Instructions for the task | Skip the pictures. Transcribe the rest of the data below without changing a word.

Dataset content |
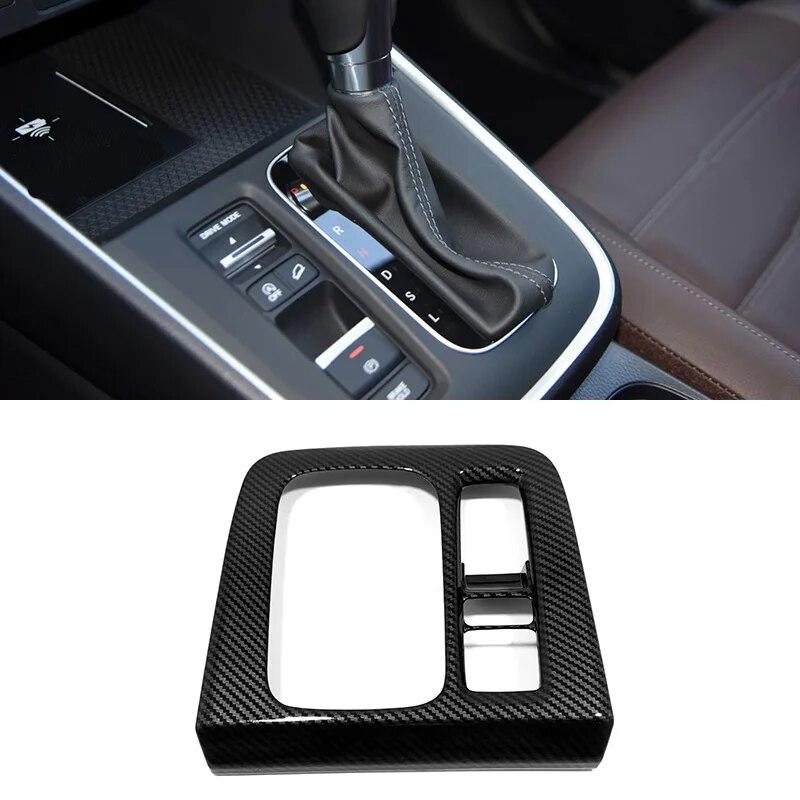 Dekorace interiéru auta Centrální ovládací panel Volant pro Honda CR-V CRV 2023 ABS Carbon Fiber Stylingové doplňky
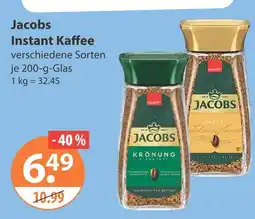 V Markt Jacobs instant kaffee krönung Angebot
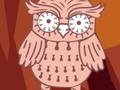თამაში Owl შეღებვა ონლაინ
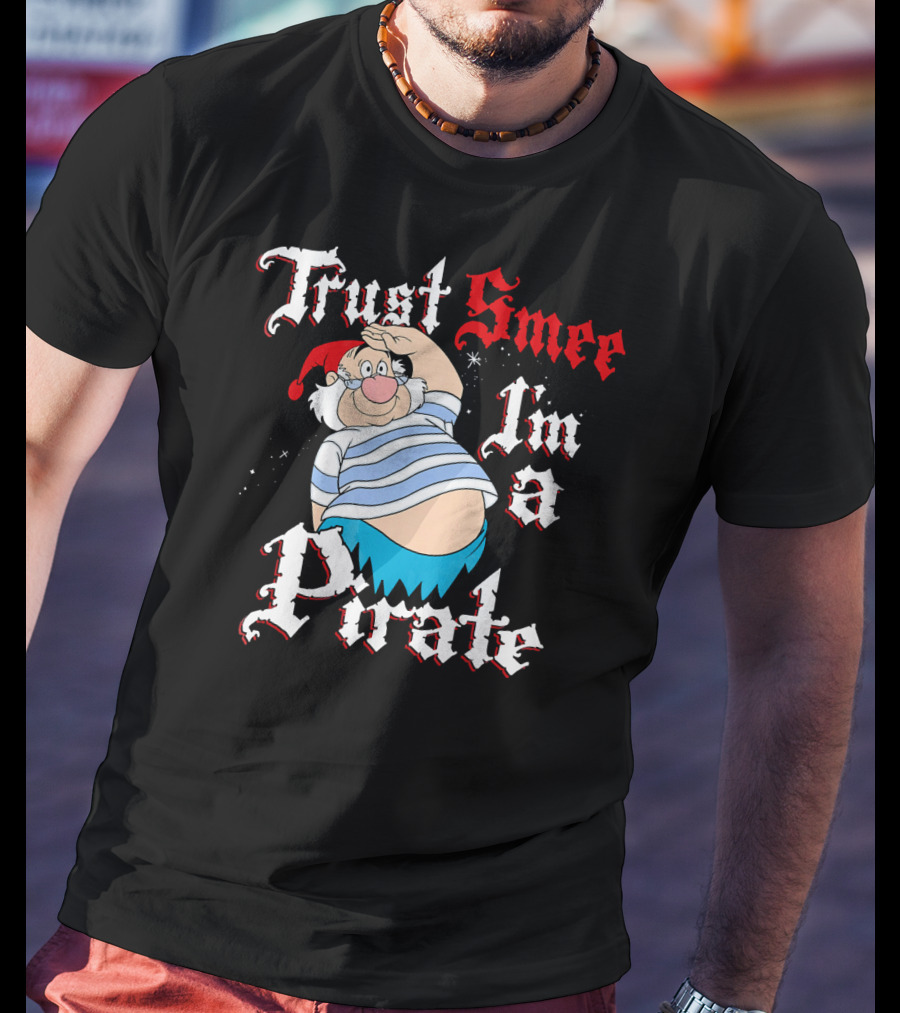 Disney Peter Pan Trust Smee I'm A Pirate T-Shirt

Expected answer |
 Dekorace interiéru auta Centrální ovládací panel Volant pro Honda CR-V CRV 2023 ABS Carbon Fiber Stylingové doplňky
 V Markt Jacobs instant kaffee krönung Angebot
თამაში Owl შეღებვა ონლაინ
 Disney Peter Pan Trust Smee I'm A Pirate T-Shirt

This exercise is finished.